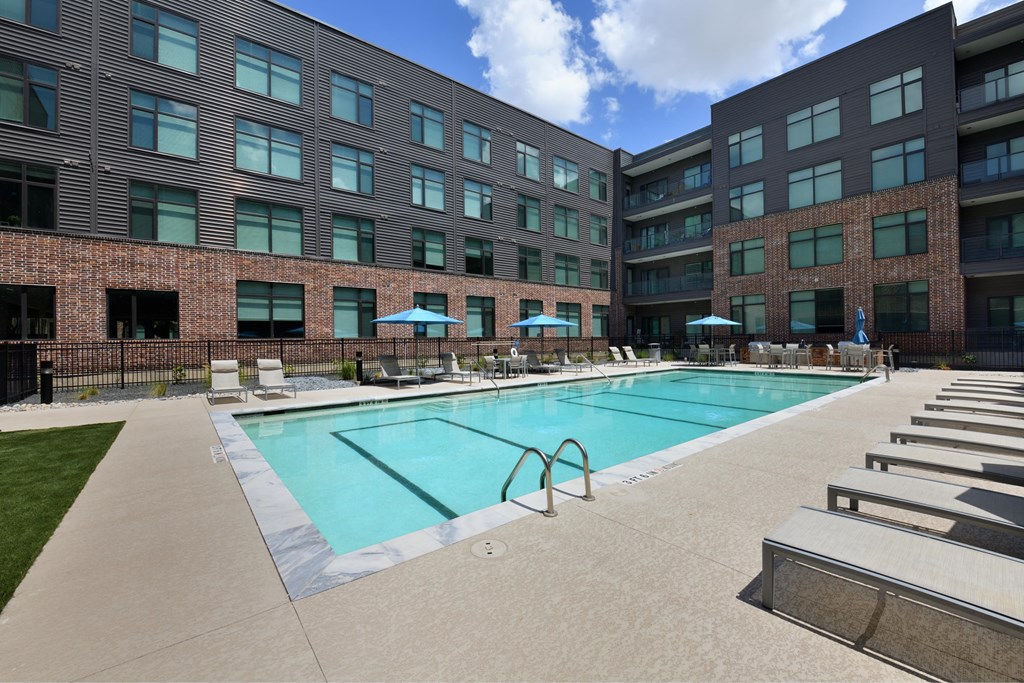A large swimming pool is surrounded by sun loungers and umbrellas.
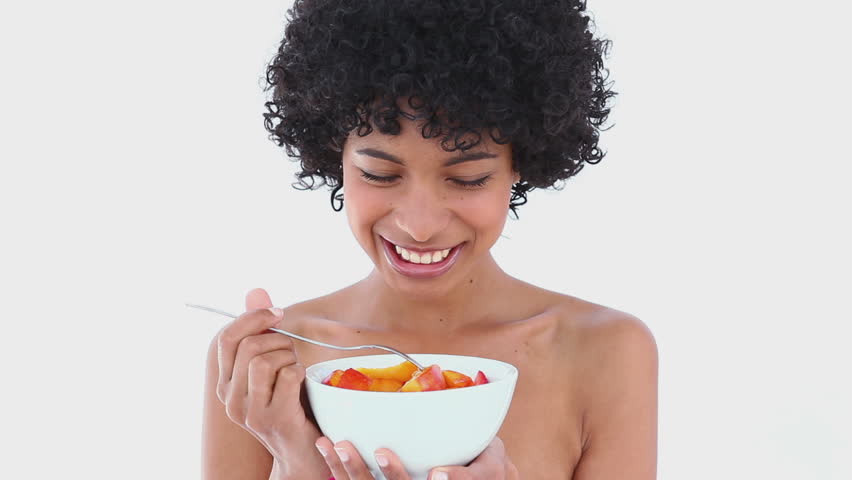 Smiling woman eating a fruit salad against white background
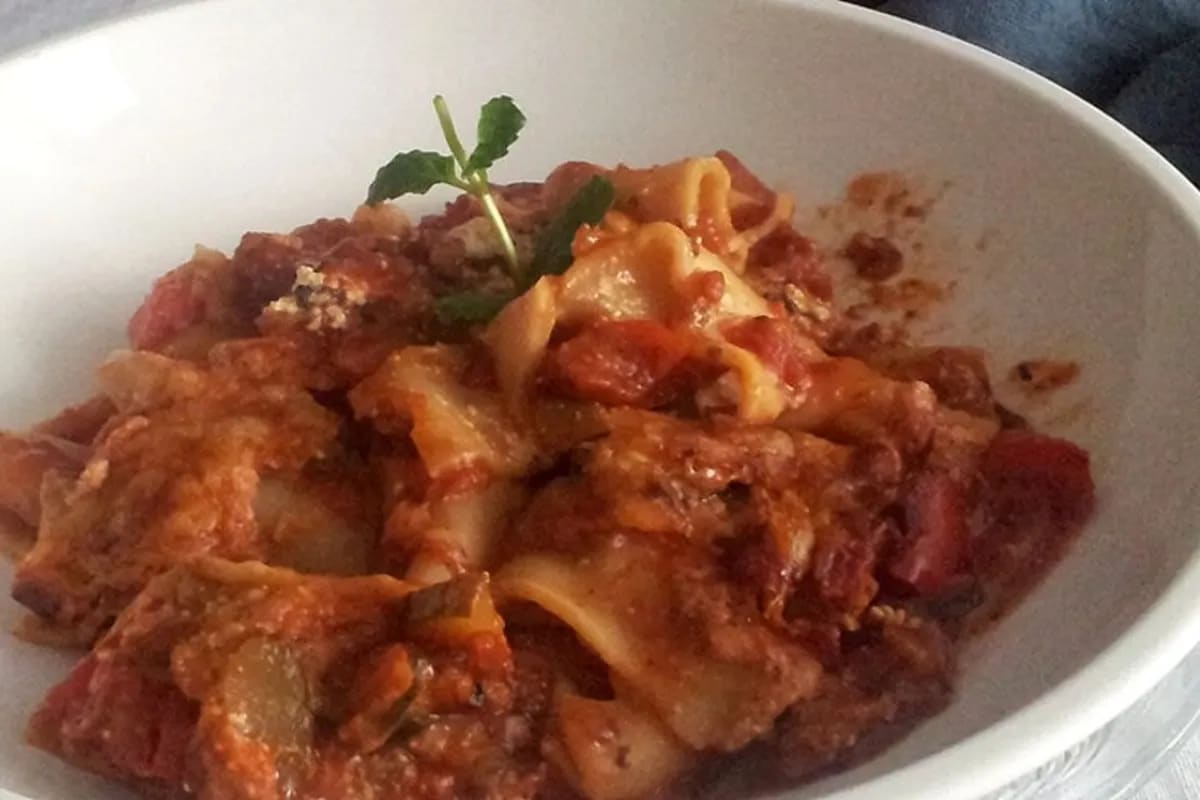 Goldbraun überbackene Lasagne mit roter Paprika, grünem Zucchinigemüse und schmelzendem Käse in einer Auflaufform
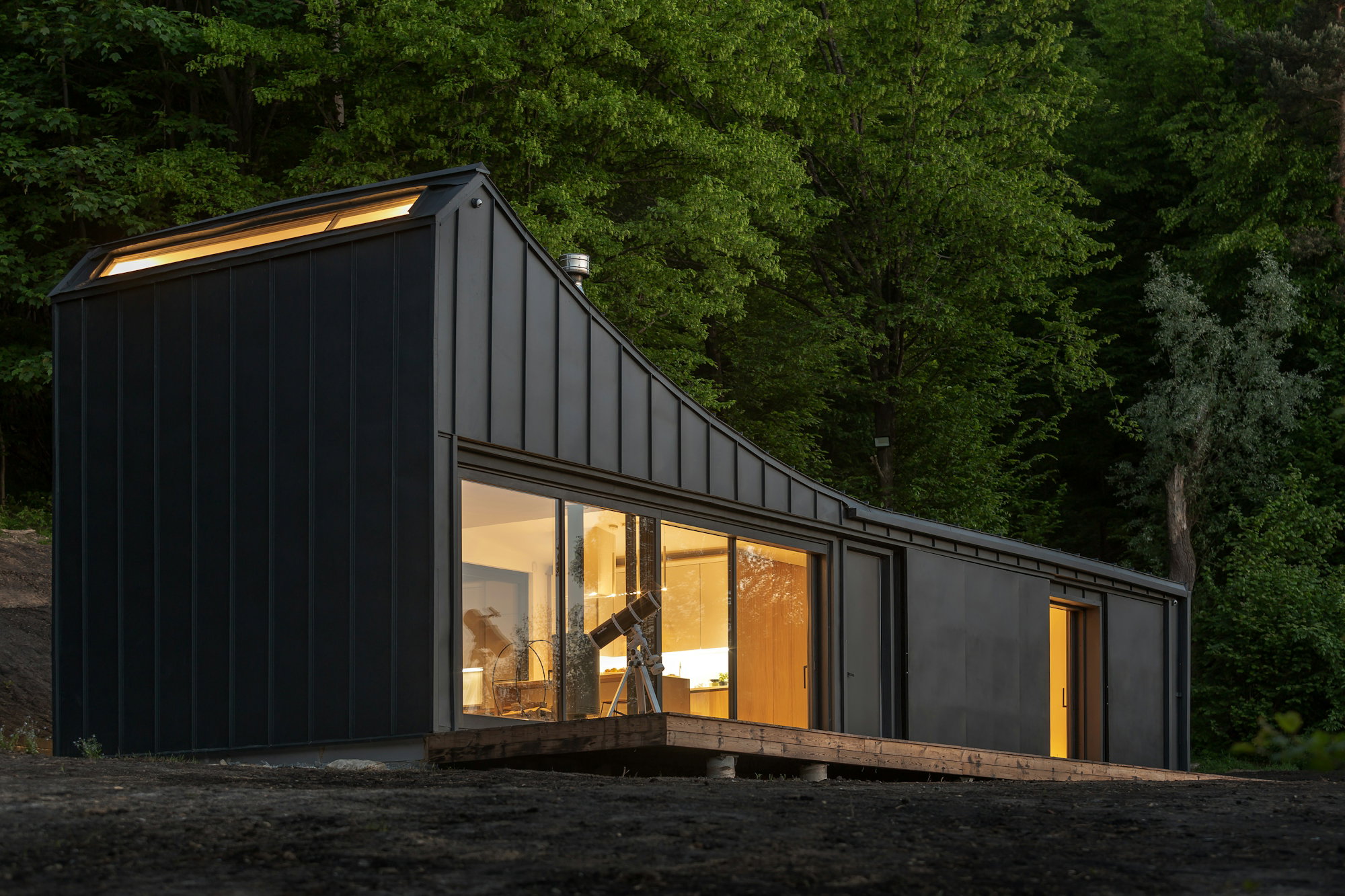 black-metal-trailer-house-near-green-trees.jpg black metal trailer house near green trees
----
• _WHAT IS NEEDED_
Word-for-word restatement: every line from the one with "Smiling woman eating" through the final line of the data, both ends included, pictures excluded.

• _YOUR SOLUTION_
 Smiling woman eating a fruit salad against white background
 Goldbraun überbackene Lasagne mit roter Paprika, grünem Zucchinigemüse und schmelzendem Käse in einer Auflaufform
 black-metal-trailer-house-near-green-trees.jpg black metal trailer house near green trees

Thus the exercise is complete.